- Requirement
Going from the line that contains "Personalised Engraved Wooden" to the last line of the material below, repeat every line exactly.

- Source material

========

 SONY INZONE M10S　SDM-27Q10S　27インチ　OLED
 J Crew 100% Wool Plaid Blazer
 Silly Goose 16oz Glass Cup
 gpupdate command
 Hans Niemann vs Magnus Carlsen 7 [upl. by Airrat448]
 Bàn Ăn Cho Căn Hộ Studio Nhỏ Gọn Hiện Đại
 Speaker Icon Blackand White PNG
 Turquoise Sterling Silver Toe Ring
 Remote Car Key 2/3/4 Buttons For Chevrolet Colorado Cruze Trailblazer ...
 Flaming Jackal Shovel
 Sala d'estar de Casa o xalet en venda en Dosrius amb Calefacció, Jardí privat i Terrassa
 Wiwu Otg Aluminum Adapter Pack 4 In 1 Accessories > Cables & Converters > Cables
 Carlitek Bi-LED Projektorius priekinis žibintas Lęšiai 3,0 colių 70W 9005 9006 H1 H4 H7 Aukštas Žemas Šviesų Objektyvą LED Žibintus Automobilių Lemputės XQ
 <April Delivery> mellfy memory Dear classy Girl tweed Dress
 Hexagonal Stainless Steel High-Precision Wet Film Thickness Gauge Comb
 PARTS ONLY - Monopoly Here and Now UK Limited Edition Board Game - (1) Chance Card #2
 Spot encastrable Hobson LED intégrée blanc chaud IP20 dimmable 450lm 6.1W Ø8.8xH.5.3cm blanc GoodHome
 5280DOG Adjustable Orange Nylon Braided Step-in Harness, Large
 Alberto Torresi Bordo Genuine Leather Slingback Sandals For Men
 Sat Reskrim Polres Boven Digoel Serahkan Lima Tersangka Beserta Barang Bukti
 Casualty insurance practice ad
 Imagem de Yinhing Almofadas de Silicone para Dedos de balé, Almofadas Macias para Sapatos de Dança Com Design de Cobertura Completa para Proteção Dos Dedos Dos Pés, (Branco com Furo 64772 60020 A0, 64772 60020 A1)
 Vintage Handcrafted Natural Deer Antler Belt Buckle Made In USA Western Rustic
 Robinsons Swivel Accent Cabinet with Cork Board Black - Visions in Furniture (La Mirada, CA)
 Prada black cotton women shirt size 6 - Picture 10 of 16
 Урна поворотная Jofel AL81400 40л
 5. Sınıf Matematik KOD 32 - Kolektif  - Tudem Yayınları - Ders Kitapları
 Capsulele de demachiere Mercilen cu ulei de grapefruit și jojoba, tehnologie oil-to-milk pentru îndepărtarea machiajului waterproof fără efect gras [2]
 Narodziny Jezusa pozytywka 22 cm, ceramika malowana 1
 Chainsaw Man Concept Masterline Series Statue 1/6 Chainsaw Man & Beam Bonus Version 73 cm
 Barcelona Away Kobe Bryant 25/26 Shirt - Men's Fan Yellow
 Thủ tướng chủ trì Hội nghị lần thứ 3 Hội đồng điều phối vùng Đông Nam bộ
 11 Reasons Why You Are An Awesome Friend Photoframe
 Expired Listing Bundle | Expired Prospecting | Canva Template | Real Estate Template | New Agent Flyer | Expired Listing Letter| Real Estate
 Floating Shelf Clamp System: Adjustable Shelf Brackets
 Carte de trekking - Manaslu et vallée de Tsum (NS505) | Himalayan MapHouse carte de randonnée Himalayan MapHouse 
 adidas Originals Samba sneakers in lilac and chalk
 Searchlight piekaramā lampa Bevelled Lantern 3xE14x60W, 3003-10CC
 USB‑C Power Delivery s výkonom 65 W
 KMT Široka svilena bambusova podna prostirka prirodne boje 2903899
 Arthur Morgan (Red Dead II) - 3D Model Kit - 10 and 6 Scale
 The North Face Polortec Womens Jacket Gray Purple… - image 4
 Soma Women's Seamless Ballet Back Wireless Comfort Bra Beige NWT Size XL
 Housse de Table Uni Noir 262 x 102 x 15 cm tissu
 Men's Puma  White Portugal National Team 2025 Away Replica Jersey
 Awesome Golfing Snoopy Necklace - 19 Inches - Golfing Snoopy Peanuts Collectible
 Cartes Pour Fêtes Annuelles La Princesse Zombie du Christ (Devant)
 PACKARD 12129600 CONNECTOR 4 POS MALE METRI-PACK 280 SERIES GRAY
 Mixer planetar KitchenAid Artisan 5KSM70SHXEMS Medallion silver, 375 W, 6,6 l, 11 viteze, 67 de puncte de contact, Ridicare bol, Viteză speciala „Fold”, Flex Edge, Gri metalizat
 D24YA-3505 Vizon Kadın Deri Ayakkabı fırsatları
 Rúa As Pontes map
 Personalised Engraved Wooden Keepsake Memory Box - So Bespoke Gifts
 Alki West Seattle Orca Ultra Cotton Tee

========

- Your response
 Personalised Engraved Wooden Keepsake Memory Box - So Bespoke Gifts
 Alki West Seattle Orca Ultra Cotton Tee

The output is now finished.